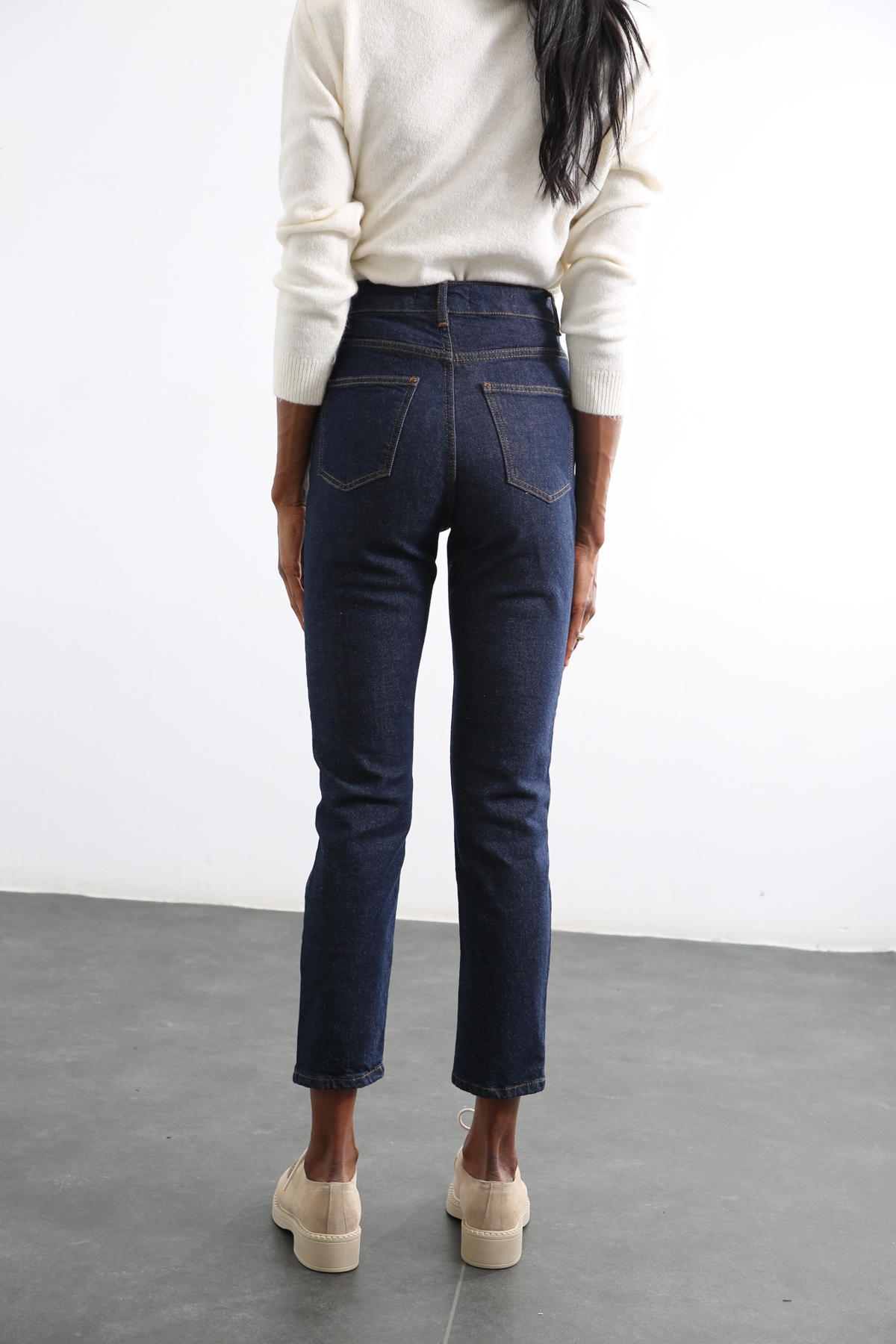 Koyu Lacivert Yüksek Bel Mom Fit Jean 209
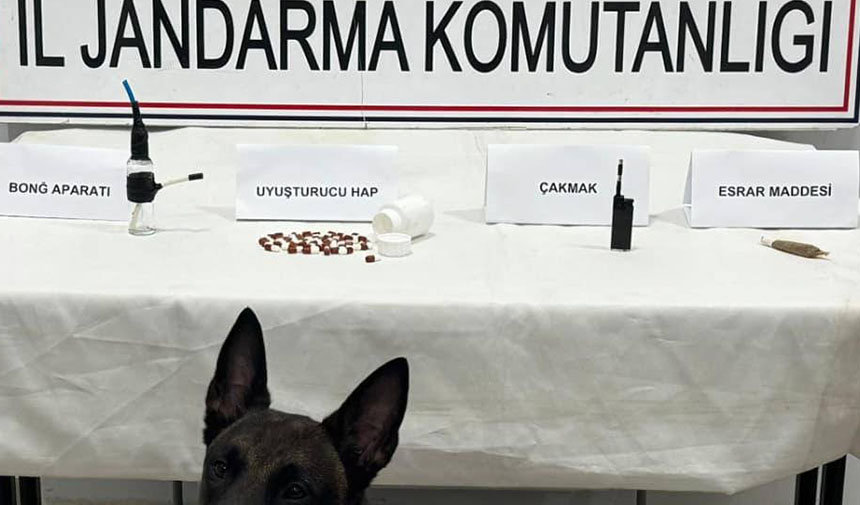 Durdurulan şüpheli araçtan uyuşturucu çıktı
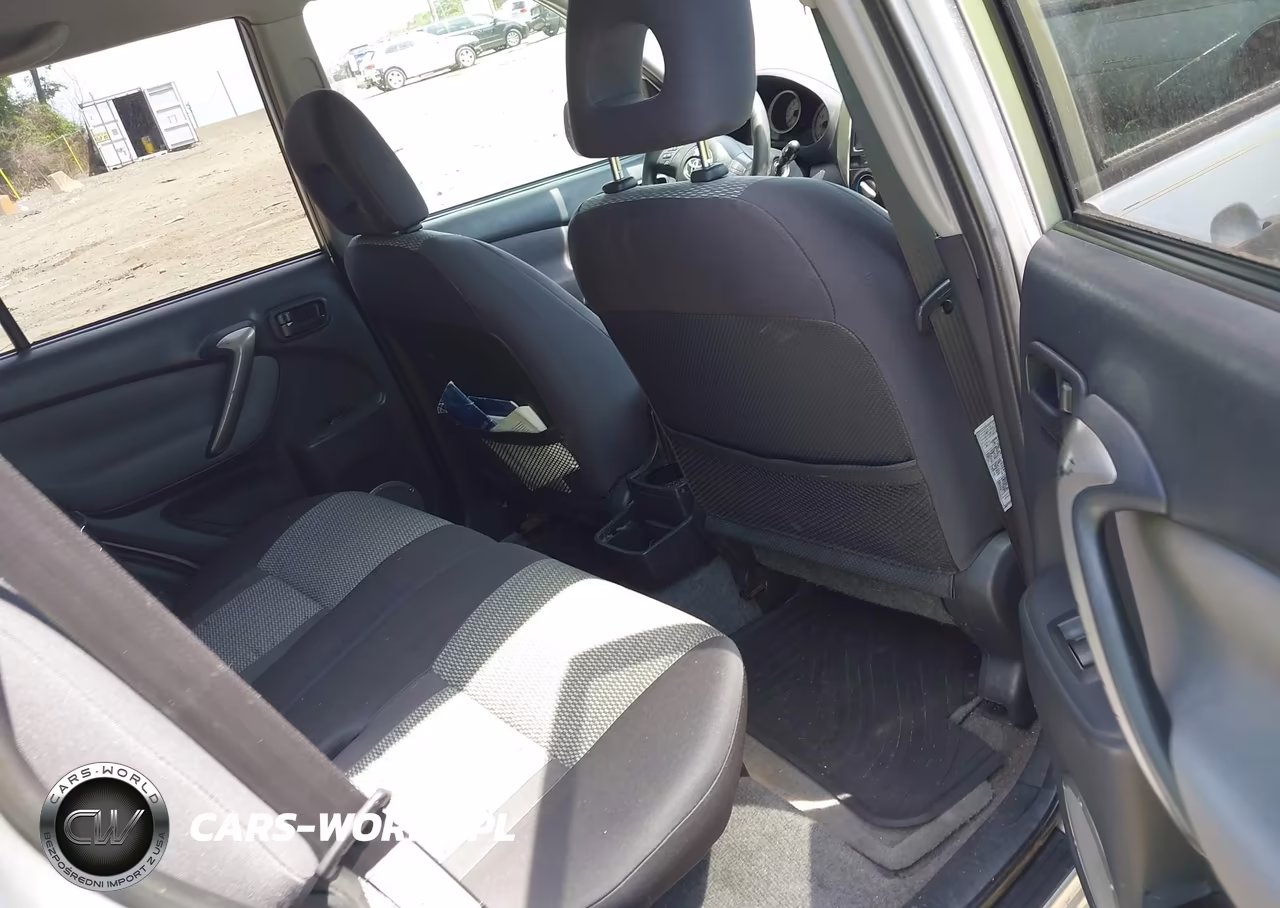 2004 Toyota Rav4 VIN:JTEHD20V340013146 - 8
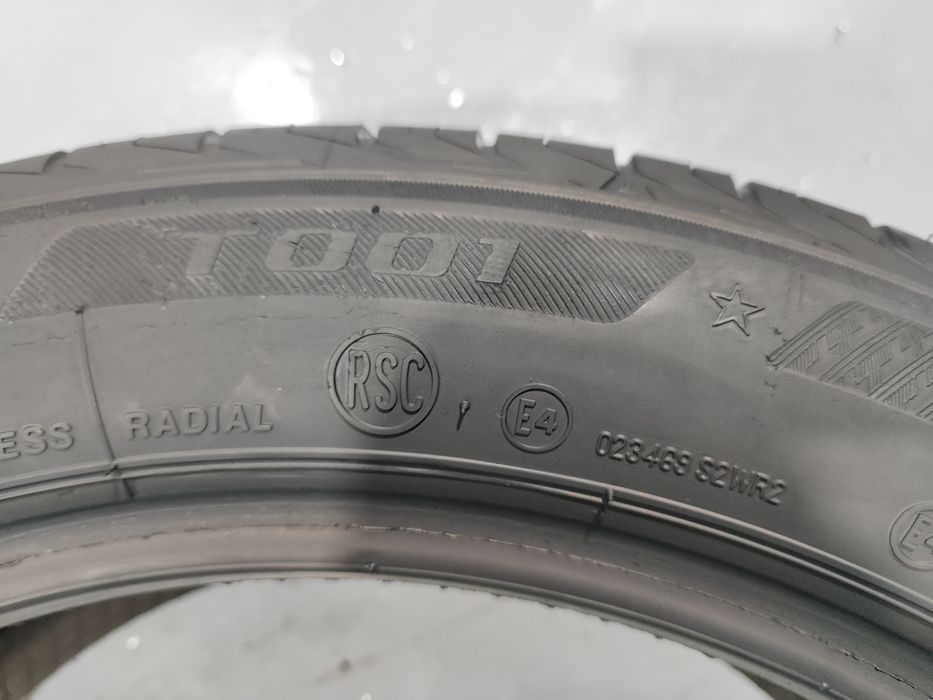 2 pneus semi novos 225-50R18 Bridgestone RFT - Oferta dos portes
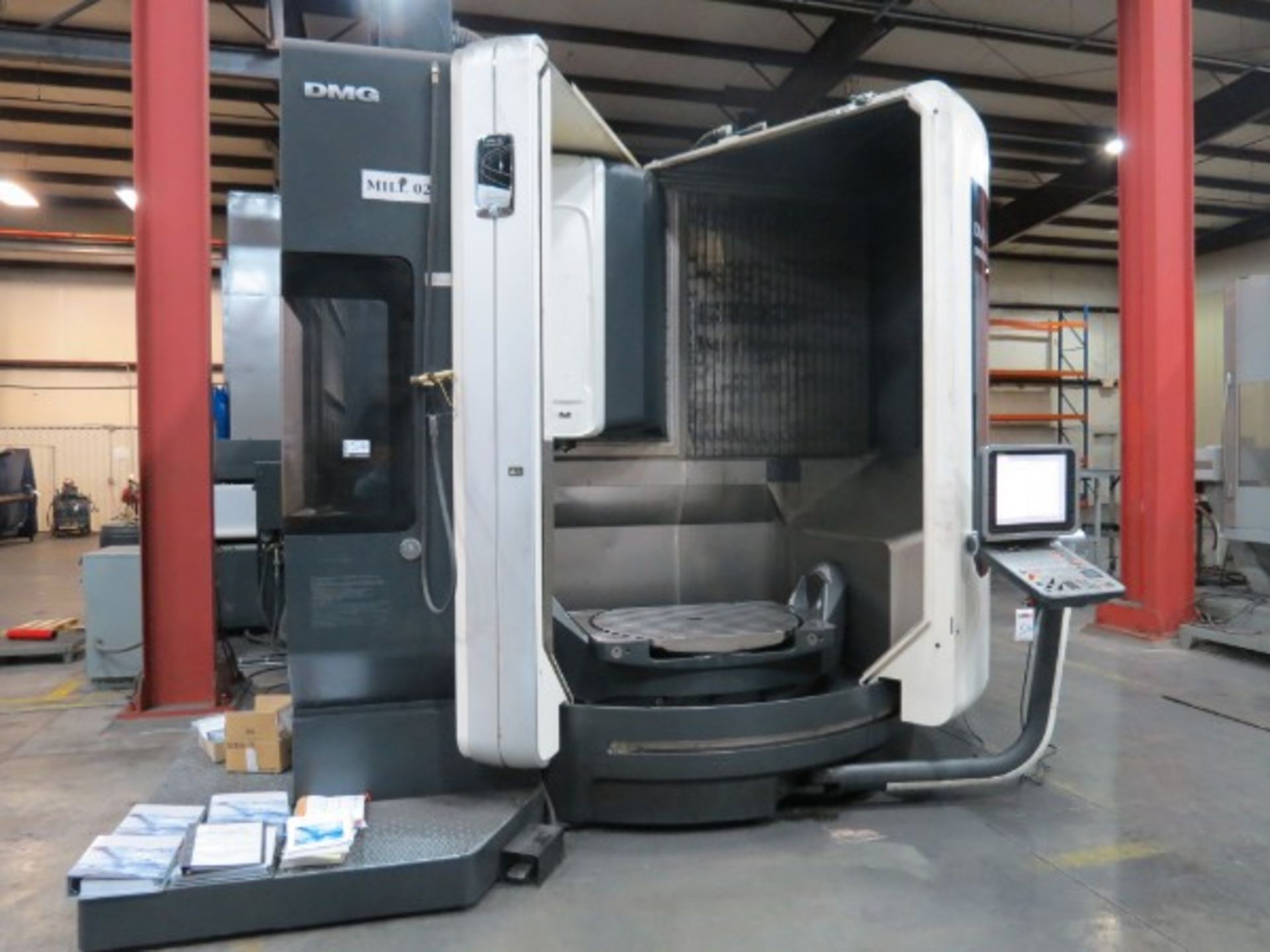 DMG DMU105 monoBlock 5-Axis Vertical Machining Center, Heidenhain 3D iTNC 530 control, 44.7" x 41.3" - Image 4 of 14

+---+

■ **Work request**
Output all the material above exactly once more, leaving every picture out.

■ **Solution for this task**
 Koyu Lacivert Yüksek Bel Mom Fit Jean 209
 Durdurulan şüpheli araçtan uyuşturucu çıktı
 2004 Toyota Rav4 VIN:JTEHD20V340013146 - 8
 2 pneus semi novos 225-50R18 Bridgestone RFT - Oferta dos portes
 DMG DMU105 monoBlock 5-Axis Vertical Machining Center, Heidenhain 3D iTNC 530 control, 44.7" x 41.3" - Image 4 of 14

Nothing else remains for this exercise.